2. Upacara Grebeg Besar


Upacara grebeg besar tidak dapat di pisahkan dengan keberadaan kompleks Masjid Agung Demak dan kompleks makam Sunan Kalijaga. Upacara grebeg besar telah masuk dalam agenda pariwisata Jawa Tengah. Oleh sebab itu merupakan acara andalan Kabupaten Demak dalam menarik para pengunjung baik dari daerah sekitar maupun dari mancanegara. Pengunjung yang datang saat perayaan grebeg besar dikenakan biaya masuk dan merupakan sumber utama pendapatan pemerintahan daerah Kabupaten Demak.

             Perayaan grebeg besar dirayakan setiap satu tahun satu kali, yaitu pada tanggal 10 bulan Zulhijah atau bulan haji. Seminggu sebelum acara pokok dimulai, di alun-alun Demak diadakan pasar malam. Acara persiapan dilakukan 9 Zulhijah atau malam tanggal 10 Zulhijah, yaitu berupa acara persiapan untuk acara puncak pada tanggal 10 Zulhijah di siang hari. Upacara persiapan tersebut dilakukan di Masjid Agung Demak dan di Kadilangu.

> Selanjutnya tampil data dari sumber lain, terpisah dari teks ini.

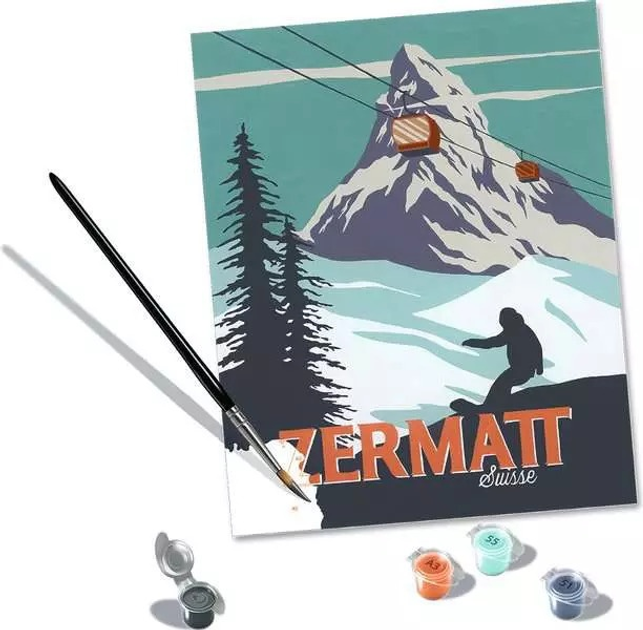 Malowanie po numerach Ravensburger CreArt Zermatt Szwajcaria 24 x 30 cm (4005556235001) - obraz 3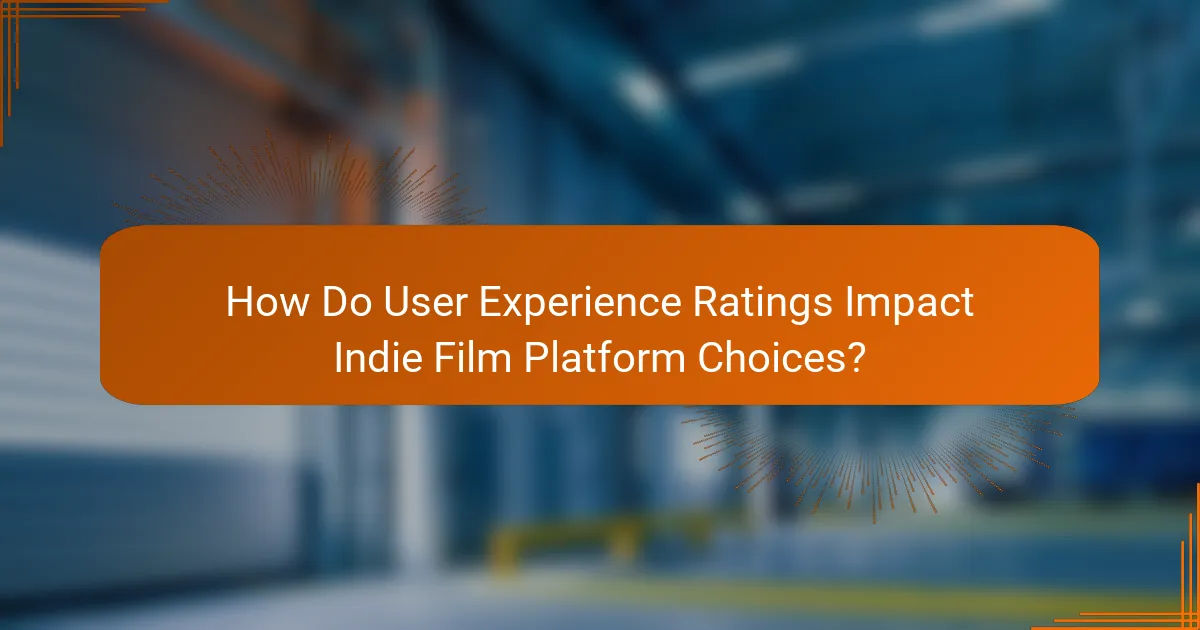 How Do User Experience Ratings Impact Indie Film Platform Choices?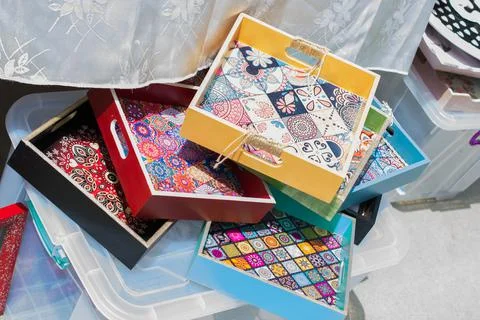 Selective focus shot of colorful rectangle trays with various designs Stock Photos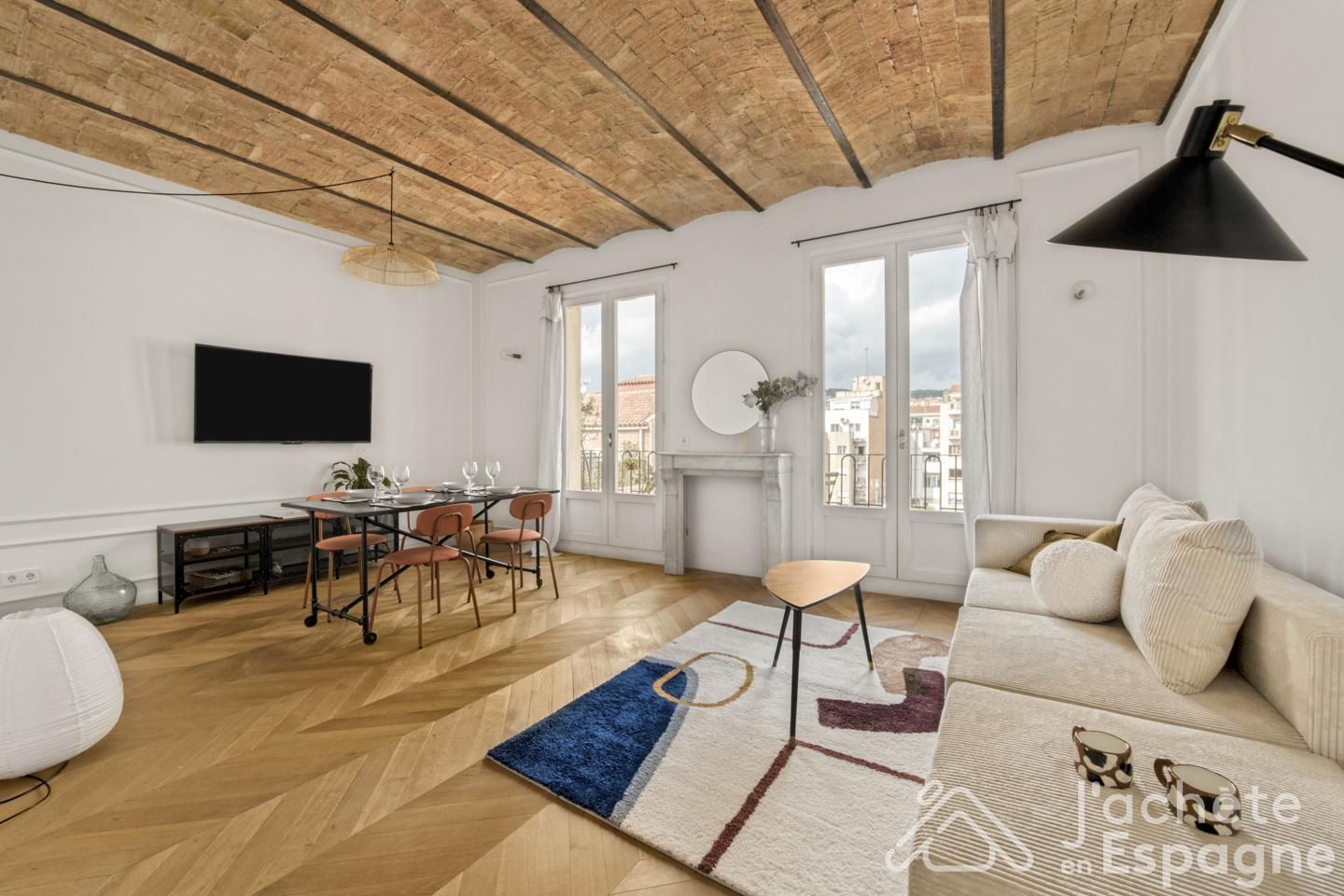 Sala d'estar de Àtic en venda en  Barcelona Capital amb Aire condicionat, Calefacció i Moblat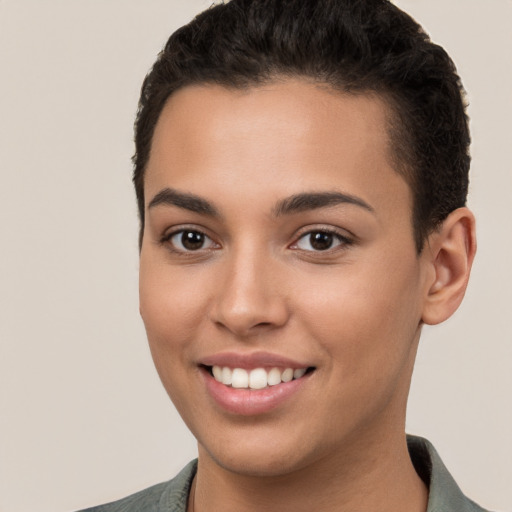 Joyful white young-adult female with short  brown hair and brown eyes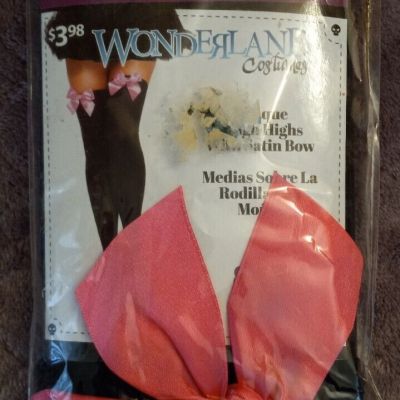 Wonderland Costumes Thigh Highs With Pink Satin Bow Accent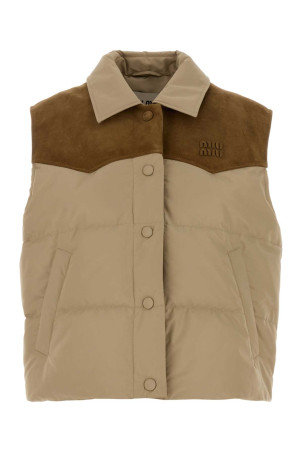 Beige polyester down jacket MIU MIU (ML1348SOOO18Q0)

            Acara persiapan yang dilakukan di Masjid Agung Demak adalah berupa iring-iringan tumpeng yang berjumlah Sembilan (sebagai simbol Wali Sanga), dari pendopo kabupaten ke Masjid Agung Demak tumpeng sembilan tersebut diiringi oleh tabuhan rebana dan shalawatan. Acara iring-iringan tumpeng sembilan ini diselenggarakan sejak tahun 1974 oleh Pemerintah daerah Kabupaten Demak.

             Sesampainya iring-iringan di Masjid Agung Demak, maka dilakukan upacara pembacaan doa untuk arwah leluhur Demak dan untuk keselamatan seluruh masyarakat Demak. Acara malam itu diakhiri dengan pembagian tumpeng kepada seluruh masyarakat yang hadir saat itu. Sebagian besar masyarakat masih percaya bahwa tumpeng tersebut dapat membawa berkah bagi orang yang mendapatkannya. Untuk itulah para pengunjung berusaha sekuat tenaga untuk mendapatkan sebagian dari tumpeng sembilan, meskipun harus dengan cara memperebutkannya.

            Sementara itu bersamaan dengan acara tumpeng sembilan di Masjid Agung Demak, di Kadilangu juga dilakukan upacara persiapan buka luwur/penggantian kain-kain yang dipakai sebagai penutup pepunden makam Sunan Kalijaga. Para ahli waris dan keturunan sunan Kalijaga menyelenggarakan selamatan doa untuk para leluhur Kadilangu serta keturunan Sunan Kalijaga yang masih hidup. Acara pembacaan doa tersebut diakhiri dengan pembagian Nasi Ancak.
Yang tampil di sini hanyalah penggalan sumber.